The student seminar is a chance for you to investigate and share with your classmates an E&M topic of your choice. Check out Janis' list of Suggested Seminar Subjects linked into the course Website (see http://musr.physics.ubc.ca/jess/p401/) if you are looking for ideas. You may select any electromagnetism topic of your choice; there are many cool/interesting ones that aren't on the list, provided the professor (that's me) agrees that your choice is appropriate. I just want to make sure that the topic you pick indeed has some E&M in it. I also recommend the UBC Library's free Research Skills Workshop (offered several times per term, next offered January 19 and February 21) to learn how to approach a general research problem and familiarize yourself with many of the 'standard' online e-tools, including the Web of Science, the science citation index, how to get the most out of online databases, accessing electronic journals and e-books.
The oral report will be a short 8-minute seminar-type presentation to the class, followed by 3-4 minutes of discussion and questions.

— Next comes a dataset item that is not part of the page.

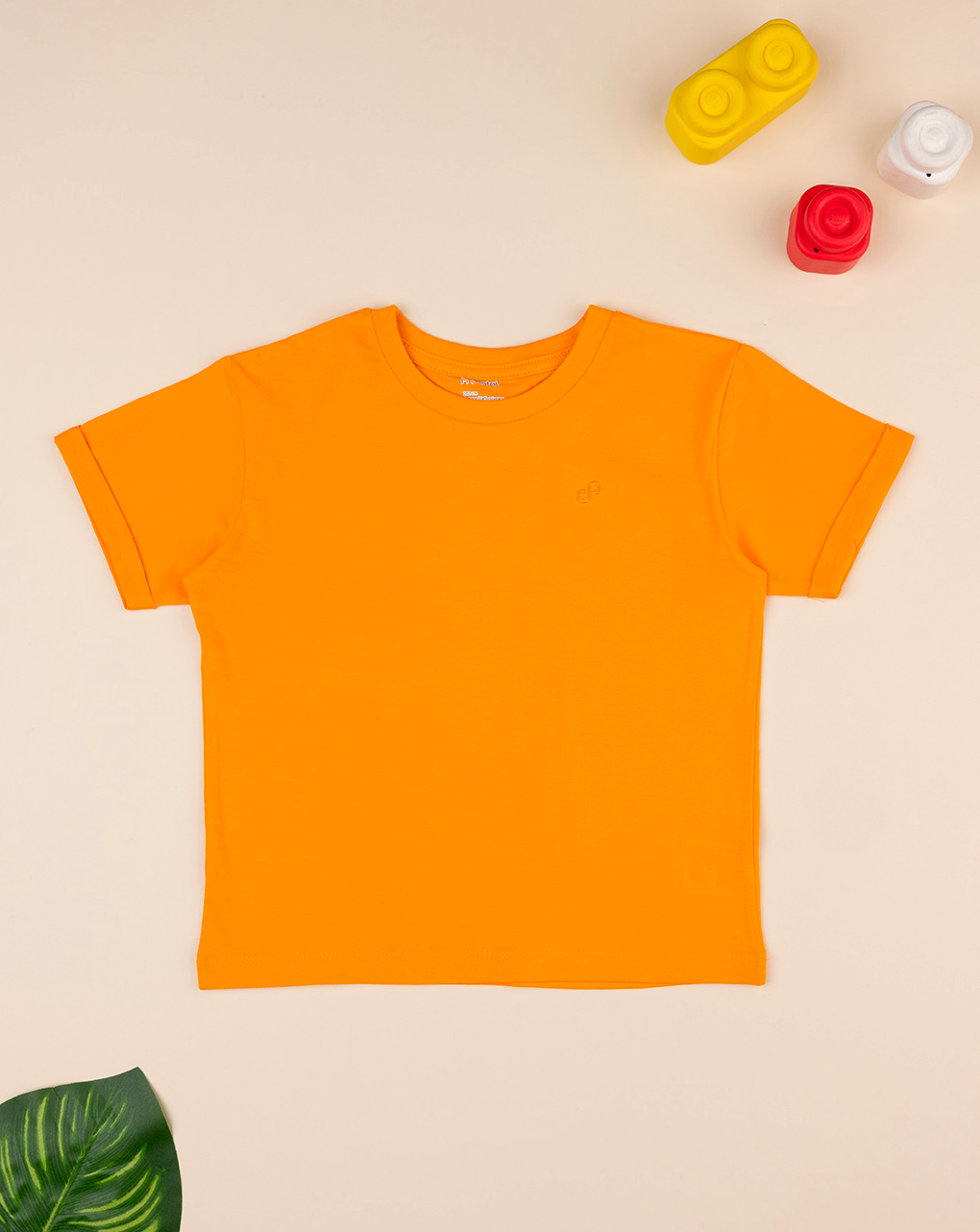 T-shirt arancione maniche corte bambino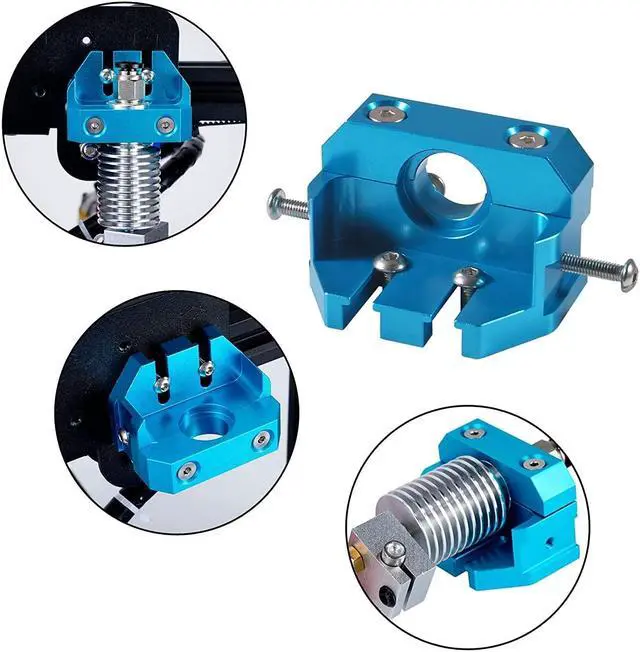 Alt view image 7 of 7 - for E3D V6 Hotend Kit,3D Printer All Metal Mount Fixed Blocks,Remote Short Direct Heat Sink 1.75mm Compatible with E3D V6 hotend,and Nozzle/Heater Block for Feeding 3D Printer Extruder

All students will participate in evaluations (marks) for all presentations except his/her own. The essay/write-up will be a short 3-6 page paper based on your presentation. There will be 1 or 2 oral presentations per class, during the last 15 to 25 minutes of each class beginning the February 20, just after Spring Break. (Current registration in this class is 20; there are 18 classes after Spring Break, so most classes will have one presentation, but two will have two.) Your report is due Friday 07 April 2006 at the latest. If you hand it in earlier, I will mark and return it to you within a week.
Hopefully everyone gets their first choice topic; however, if two or more people choose very similar topics, we'll resolve it: most topics are sufficiently enormous that two or three presentations on different aspects/features of the same topic can be made, with very little overlapping content.
A list of presentation dates will be distributed in class and put on the course Web page before the end of January. If you have real date restrictions, please specify them. The first presentation will be on February 21. Also state if you'd prefer your presentation date to be early (in February), middle (first part of March) or later (end of March, beginning of April).